2

Using DataFlow SDK 2.x, I would like to read data from BigQuery partitioned table.

The only option I found so far is using BigQueryIO.Read.fromQuery(String query) method and query SELECT * FROM table WHERE _PARTITIONTIME = 'yyyy-MM-dd'.

Is there any other way to read from partitioned BigQuery table in DataFlow?

bleare
  • 48
  • 6
  • 1
    This is the correct way. If you use a normal read, it will read the entire table into your pipeline, regardless if it's a partitioned table or not. – Graham Polley Mar 20 '18 at 10:09
  • @GrahamPolley, thanks for the answer. Do you plan adding method-level support for querying partitioned tables? – bleare Mar 20 '18 at 10:18
  • 2
    You can also use a partition decorator, read from "table$yyyyMMdd" should work I believe. There are currently no plans on adding more explicit support as far as I'm aware; if you need it, feel free to file a JIRA at https://issues.apache.org/jira/browse/BEAM or post on the user@ mailing list. – jkff Mar 20 '18 at 15:35
  • @jkff Is this behavior documented somewhere? – pradithya aria Nov 02 '18 at 07:31
  • It is documented at https://cloud.google.com/bigquery/docs/partitioned-tables – jkff Nov 02 '18 at 21:41

1 Answers1

0

Well to be honest, there is a better way to do it.

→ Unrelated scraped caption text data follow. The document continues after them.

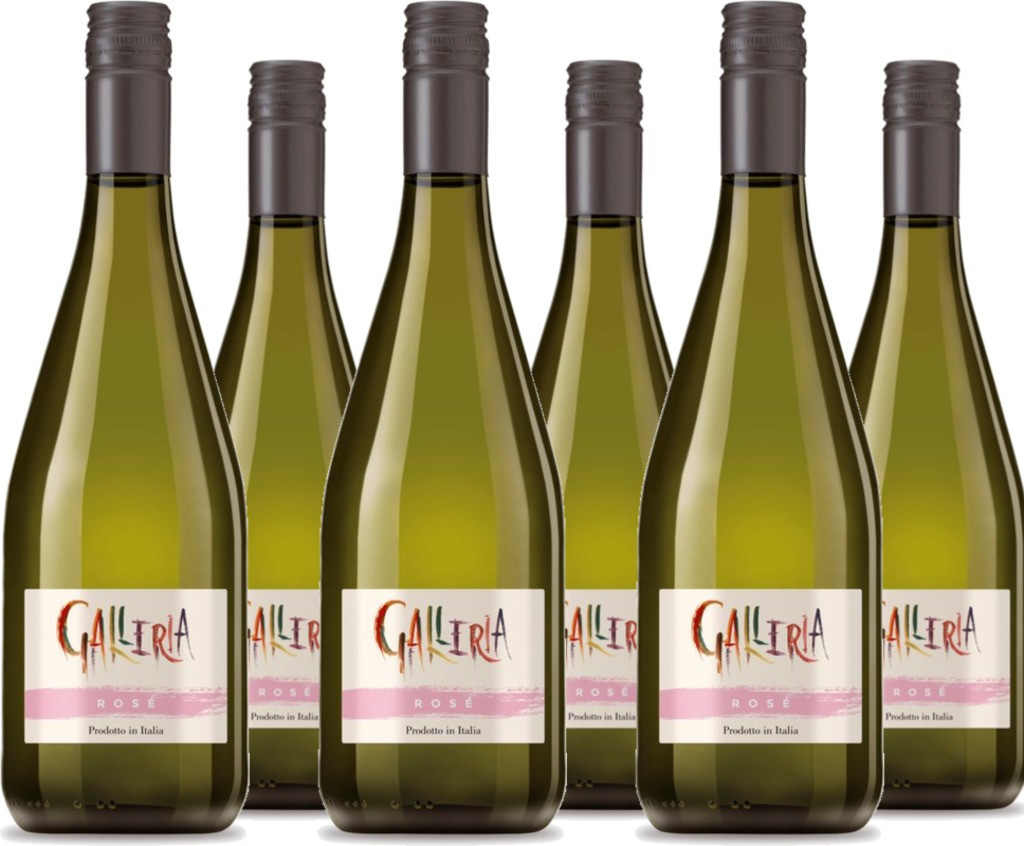 6er Vorteilspaket Galleria Frizzante Rosé IGT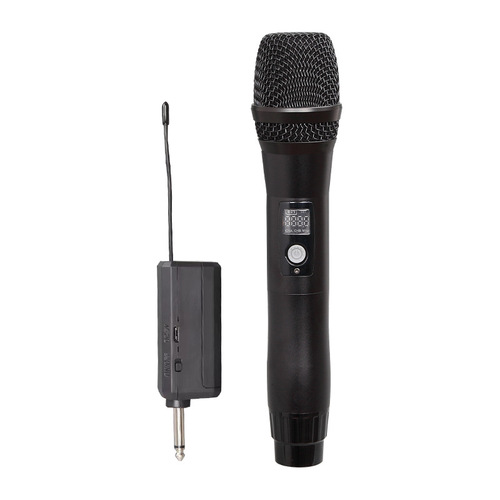 Universal Wireless Microphone with Charger, Home Karaoke One-Stop FM Tunable Receiver, Outdoor Karaoke Singing Microphone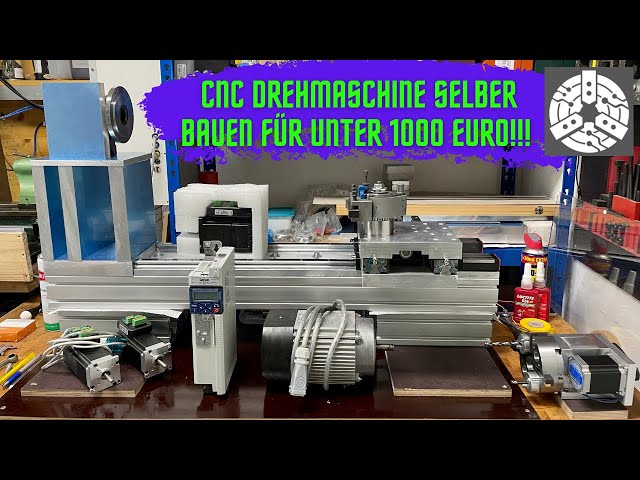 CNC lathe for under 1000 euros in a reasonable quality??? No problem ;) -  YouTube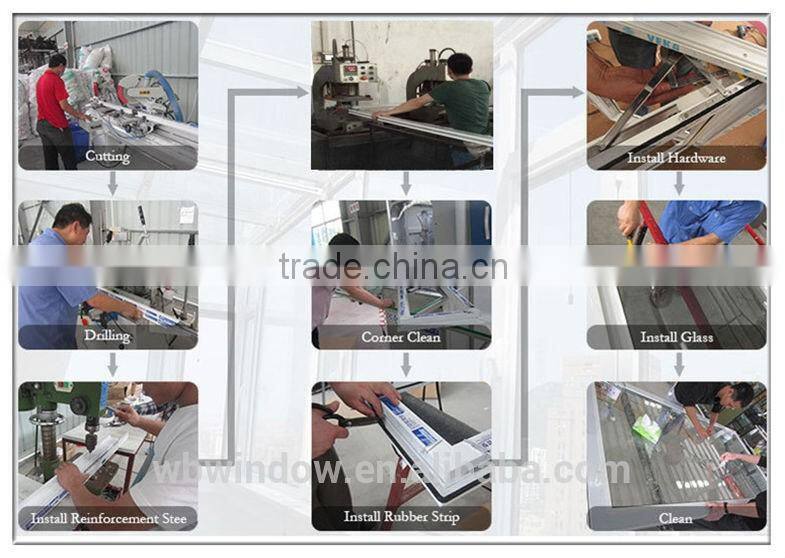 aluminum sliding window track with triple glazed windows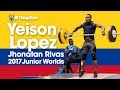 Colombian Power! Yeison Lopez & Jhonatan Training Hall at 2017 Junior Worlds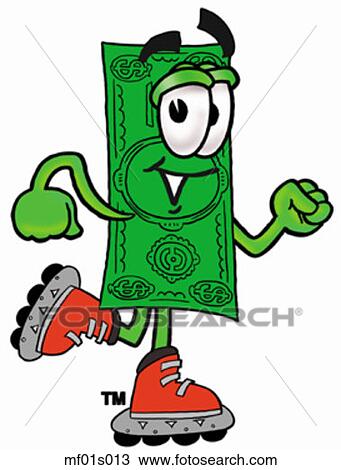 Dollar flat roller blading View Large Clip Art Graphic Clipart - Dollar flat roller blading. Fotosearch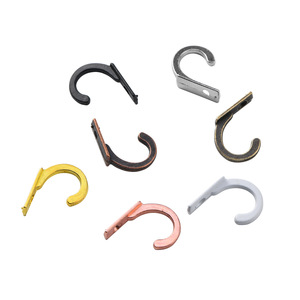 Antique Alloy Small Hook Single Hole Mini Hook Wall Mounted Clothes Organizer For Behind Doors Or Walls Zinc Alloy Round Shape - Product Image 5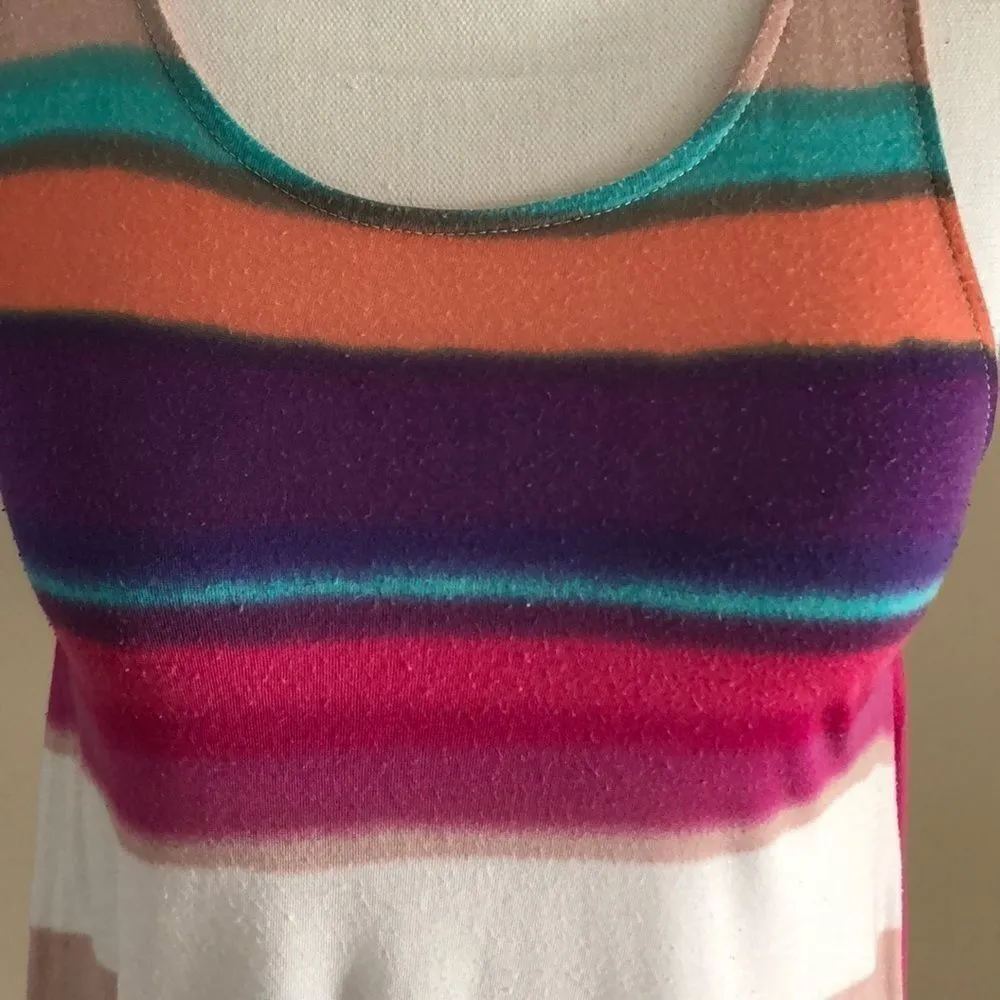 Splendid Multi-colored Stripes Tank Top - Image 2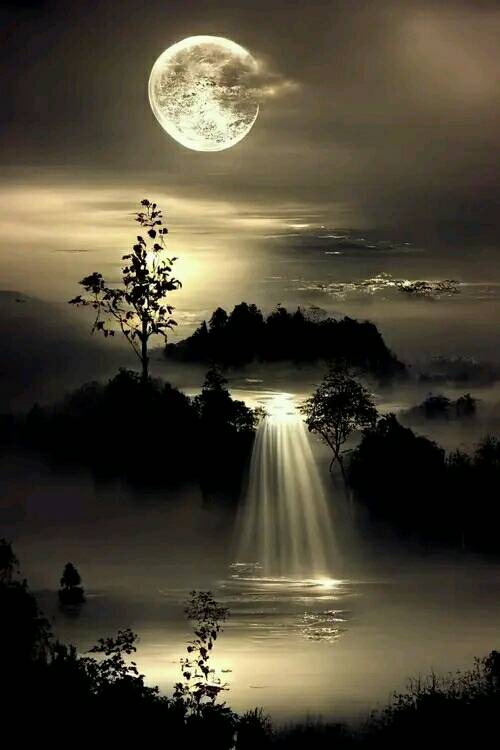 Attractive Moon and sunset (10)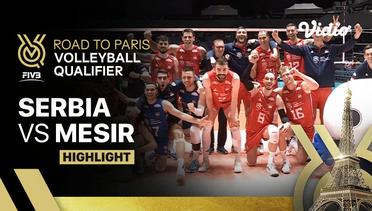 Serbia vs Mesir - Match Highlight | Men's FIVB Road to Paris Volleyball Qualifier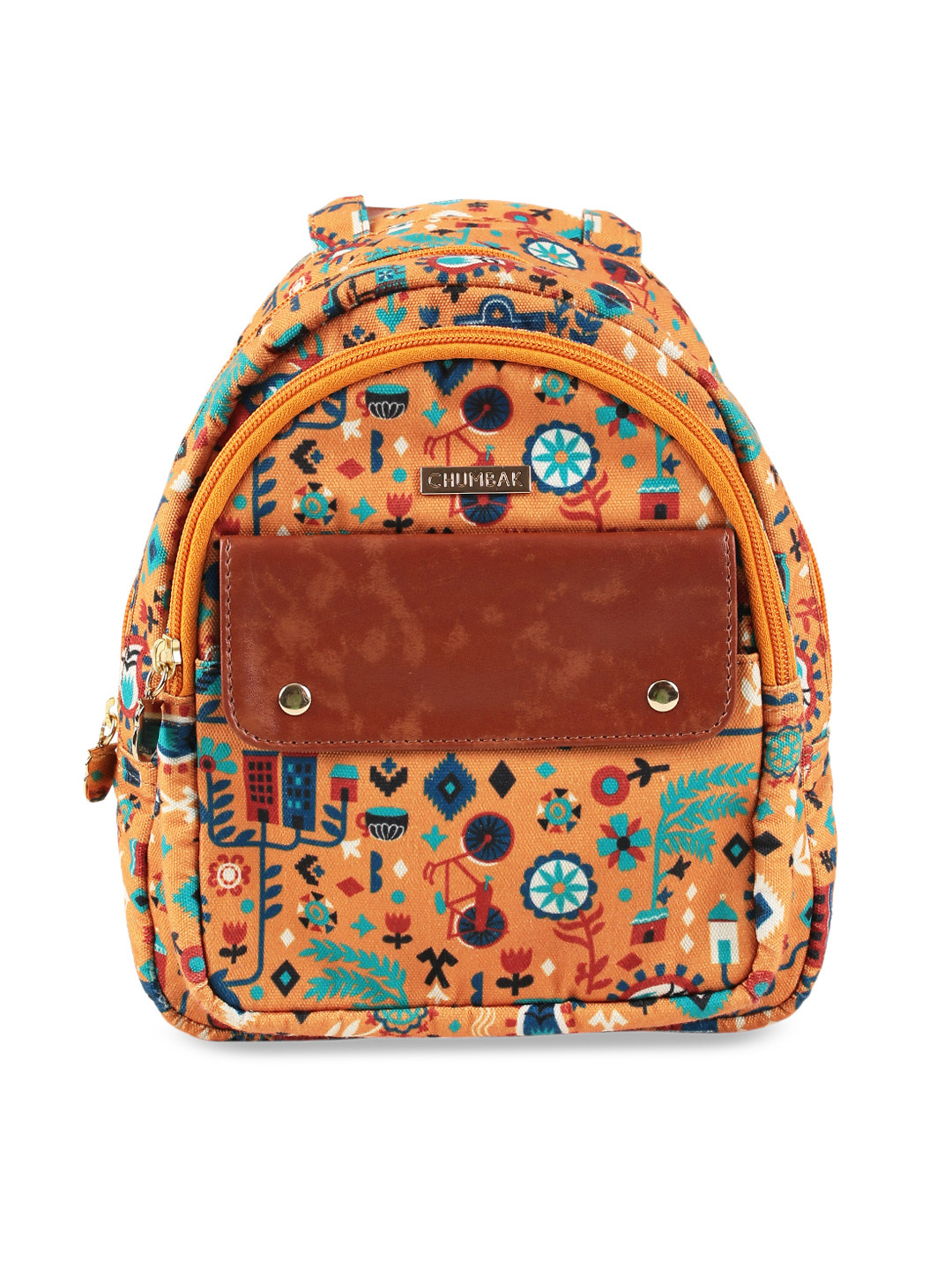 Buy Chumbak Women Mustard Graphic Backpack Backpacks for Women 10823918 Myntra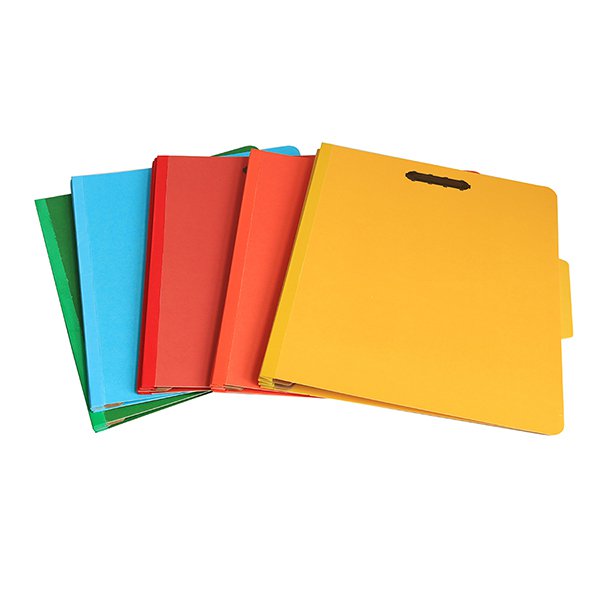 A4彩色紙板文件夾-附鐵夾資料夾-1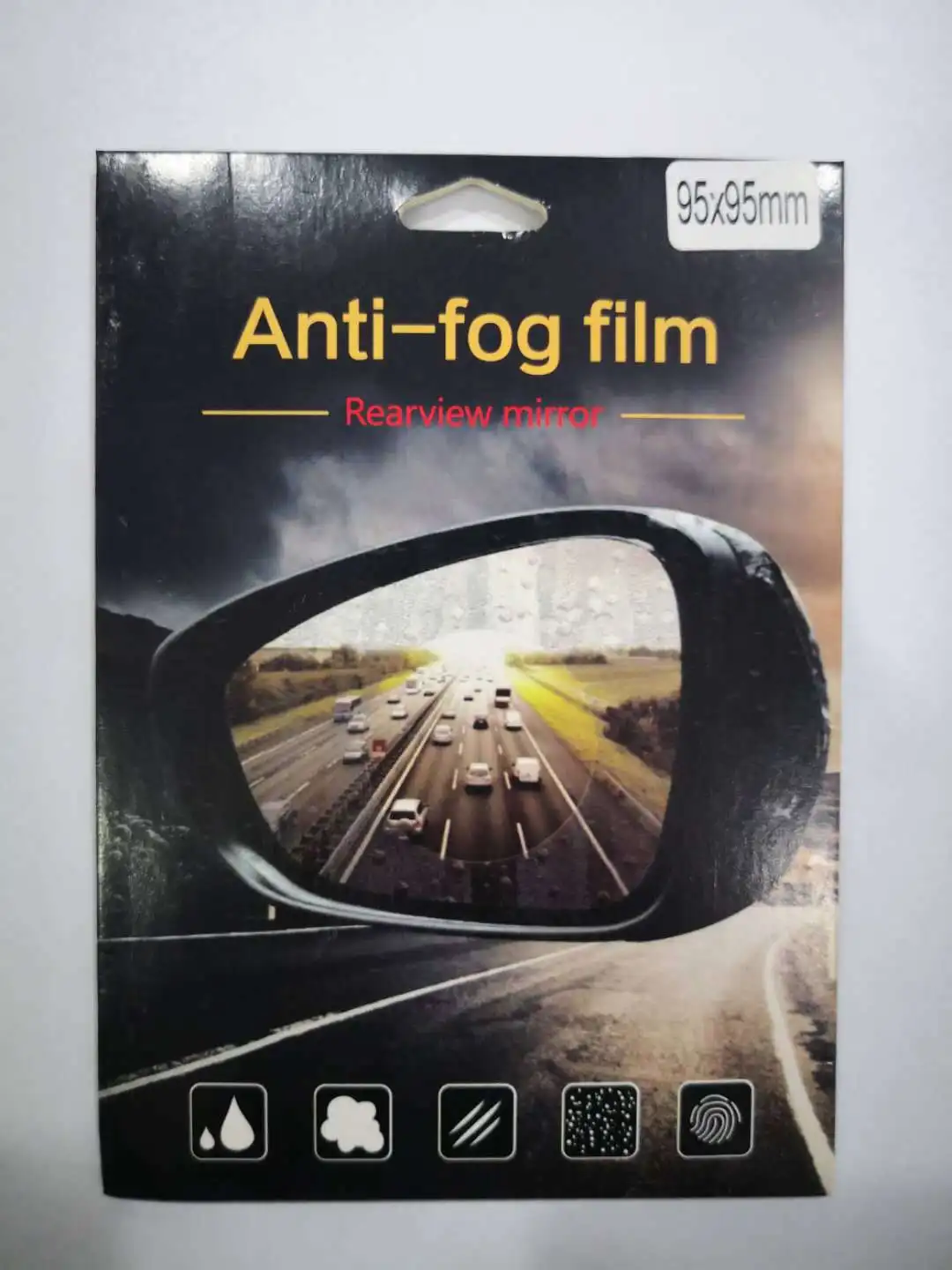 

Car Rear View Mirror Water Resistant Film Full Screen Reflective Reversing Mirror Only Waterproof Anti-fog Anti-Glare Nanometer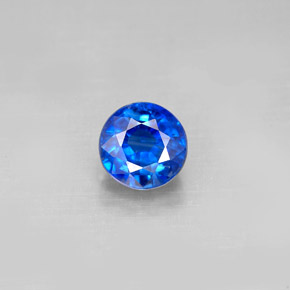 Cianite naturale blu da 1,49 ct, taglio rotondo, VS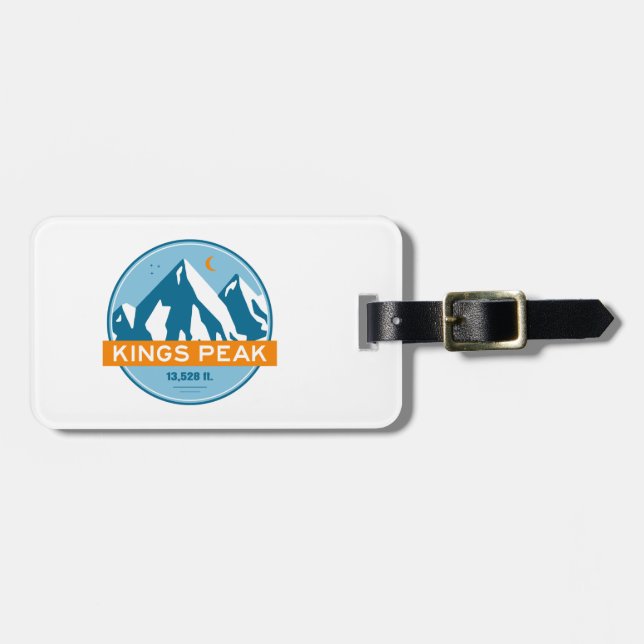 Kings Peak Utah Stars Moon Luggage Tag (Front Horizontal)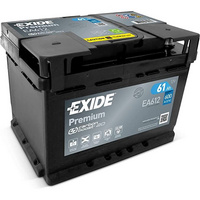 Exide Premium EA612 61Ah 600A 242x175x175mm Jobb+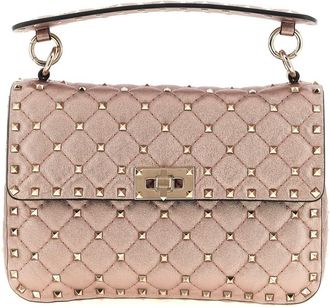 Valentino Garavani Pink Rockstud Spike Shoulder Bag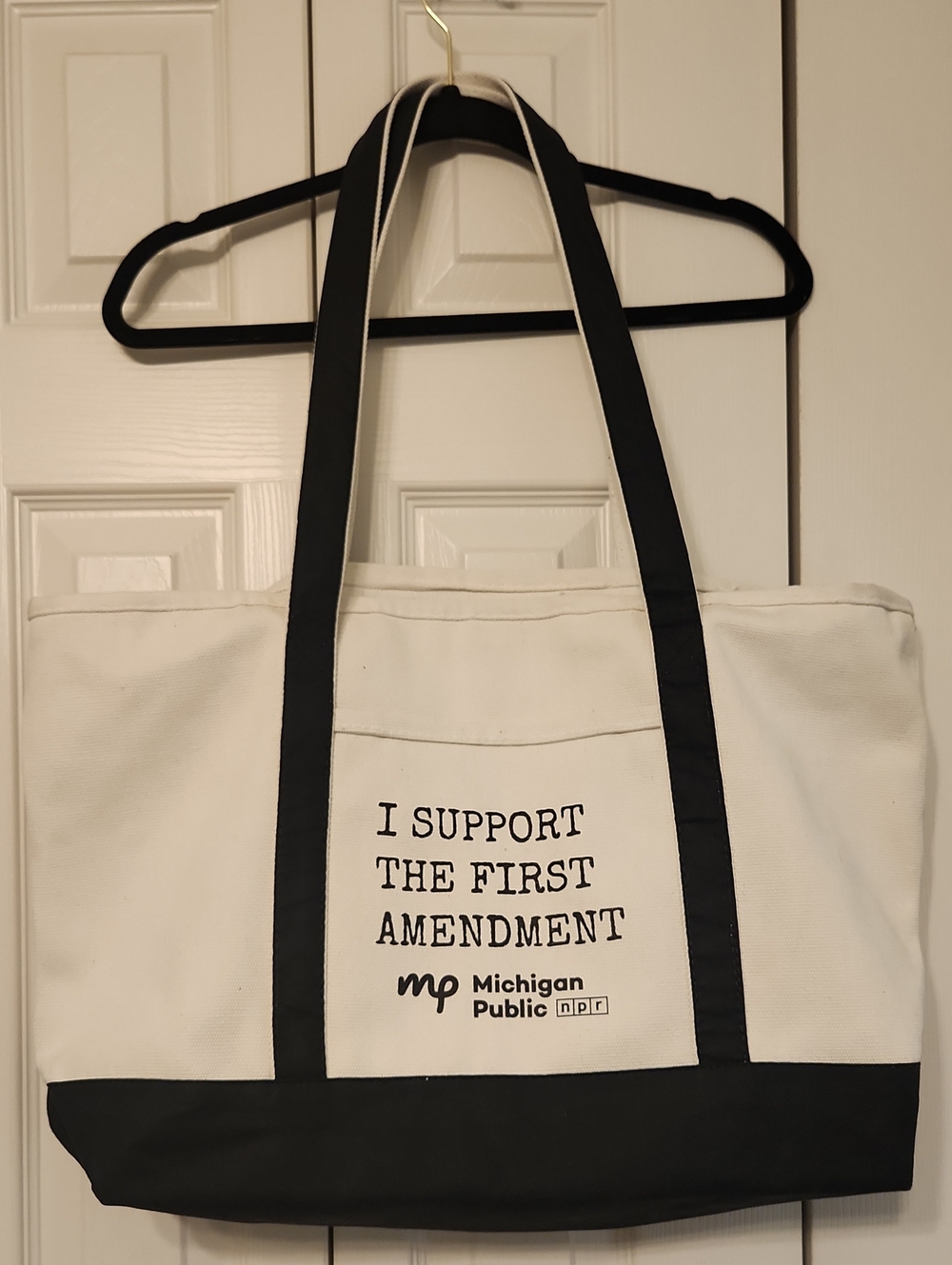 Michigan Public Radio NPR Canvas Tote Bag - Membership Drive Bag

Two ways to do it for performance and one if you look into BigQuery API.

So recall that

    Select * from `tableName` 

is an expensive operation for your database. In order to speed up the read time you could instead:

    Select <field1>, <field2>, ...., from `tableName`

Of course, listing all the field names is not possible in many cases, but you will get roughly twice the speed up.

But instead of doing that you can follow the example here. This will also give you roughly twice the speed up as well and is much more convenient.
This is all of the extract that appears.